October 14, 2004
Profits in Cattle and Beef Production Strong in China
China is 95 percent self-sufficient in beef supply. China's current profit and loss for grain and beef conversion is 2:1. The production costs are much lower than the US or other competitor countries. Although feed prices have gone up considerably in China, beef prices have moved above feed prices. Cattle and beef production is generally profitable for farmers. In Hunan province, beef cattle can earn RMB 300-500 ($36-60) per head. Most beef cattle are raised on small-sized household farms.
China's beginning stock of cattle for 2005 is forecast to increase 3 percent from 135 million head to 139 million head.
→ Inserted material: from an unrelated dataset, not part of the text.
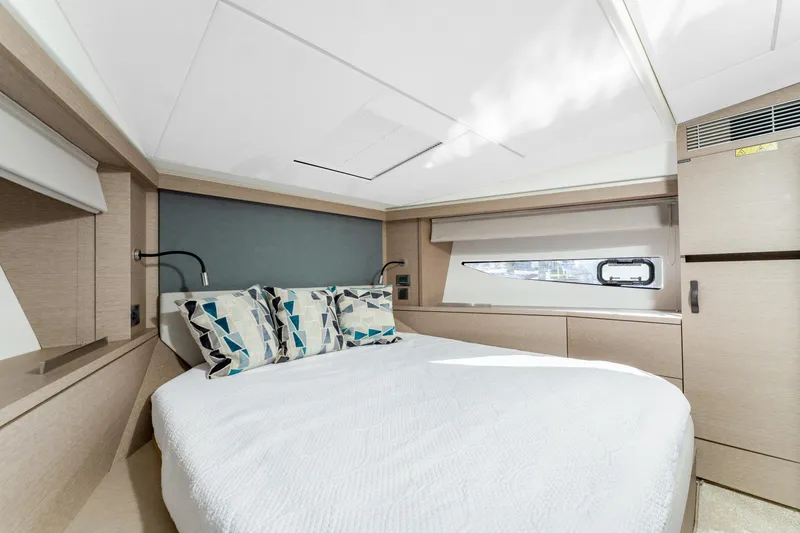 Slide: The Image of Luxurious bedroom interior of 2020 Prestige 420 Flybridge yacht. - 18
The number of slaughtered beef is forecast to increase 6 percent from 47 million head to 50 million head in 2005. Beef production for 2005 is forecast to increase 6.4 percent from 6.7 million MT 2004 to 7.1 million MT. The increase in beef production is driven by strong domestic demand and rising incomes.
There are 8 main beef producing provinces in China, accounting for 70 percent of the total production. The top three provinces are Henan, Shandong and Hebei. They are also major grain producing provinces. Beef marketing areas mainly include Beijing, Tianjin, Fujian Province and Guangdong Province.
The National Statistic Bureau (NSB) announced that, in the first half of 2004, China's GDP growth was 9.7 percent over the same period of 2003. The strong economy has translated into consumption of more nutritious food including meat. However, beef production lags demand, especially high quality beef, and China's beef production will continue climbing during the foreseeable future.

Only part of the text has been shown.